Return exactly the span of lines in the following data that opens with the line containing "Imagem 4: Sobrado" and closes with the line containing "Fecho com chave Autohome (4)". Include nothing else.

━━━━━ Data for the task ━━━━━

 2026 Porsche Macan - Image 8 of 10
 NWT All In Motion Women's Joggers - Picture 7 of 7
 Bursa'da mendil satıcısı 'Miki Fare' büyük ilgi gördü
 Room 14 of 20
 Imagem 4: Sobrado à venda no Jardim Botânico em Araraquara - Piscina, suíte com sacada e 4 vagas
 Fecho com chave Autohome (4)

━━━━━
━━━━━ Data for the task ━━━━━

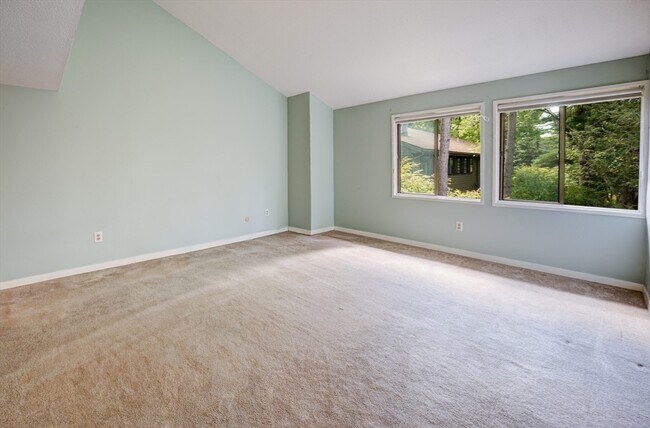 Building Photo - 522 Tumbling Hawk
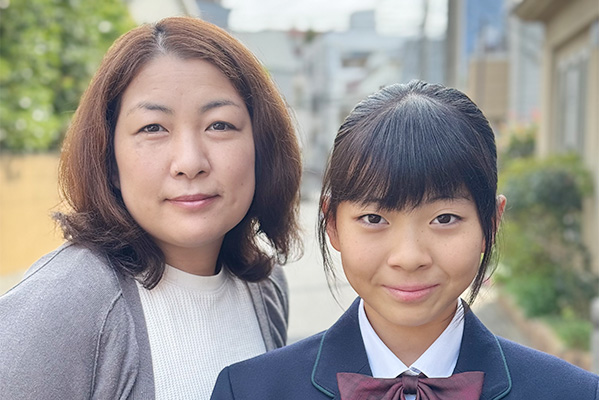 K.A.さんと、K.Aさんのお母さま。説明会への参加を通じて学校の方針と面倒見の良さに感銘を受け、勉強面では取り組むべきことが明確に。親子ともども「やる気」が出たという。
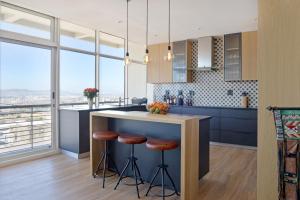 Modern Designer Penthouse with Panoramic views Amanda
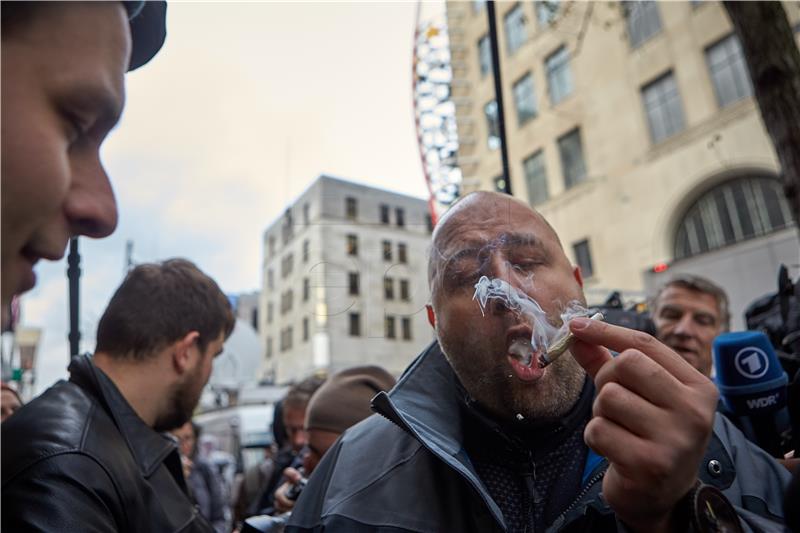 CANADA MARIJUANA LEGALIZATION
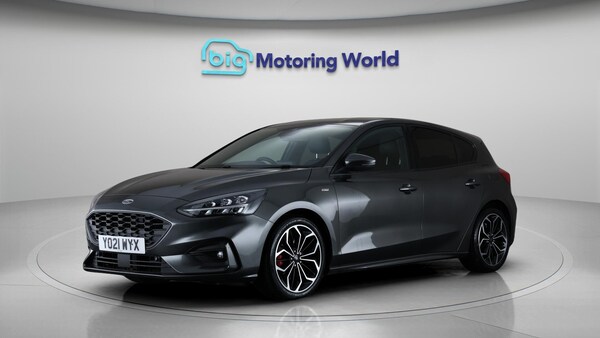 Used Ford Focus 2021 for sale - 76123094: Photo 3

━━━━━
━━━━━ Data for the task ━━━━━

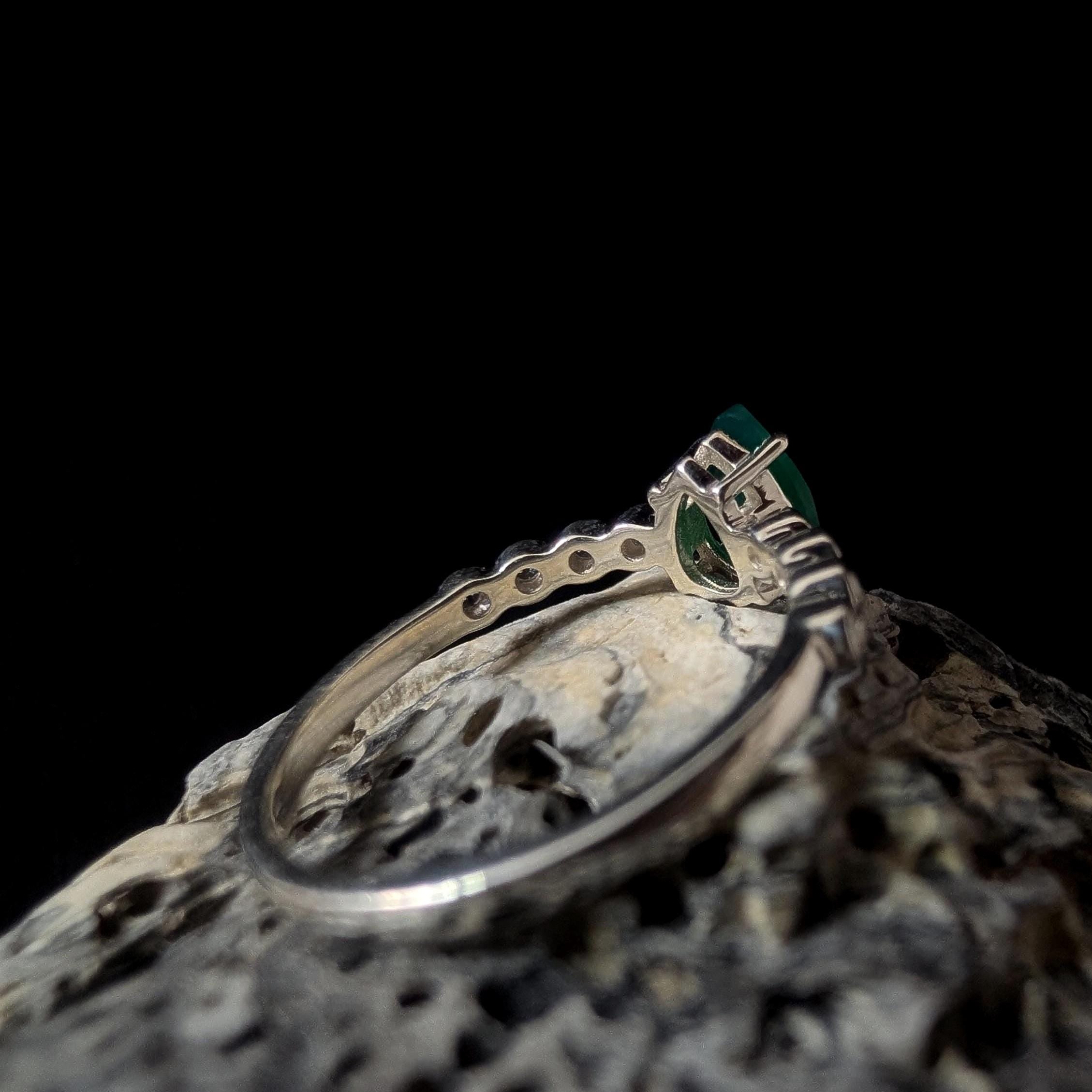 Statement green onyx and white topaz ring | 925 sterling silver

━━━━━

Result below
 Imagem 4: Sobrado à venda no Jardim Botânico em Araraquara - Piscina, suíte com sacada e 4 vagas
 Fecho com chave Autohome (4)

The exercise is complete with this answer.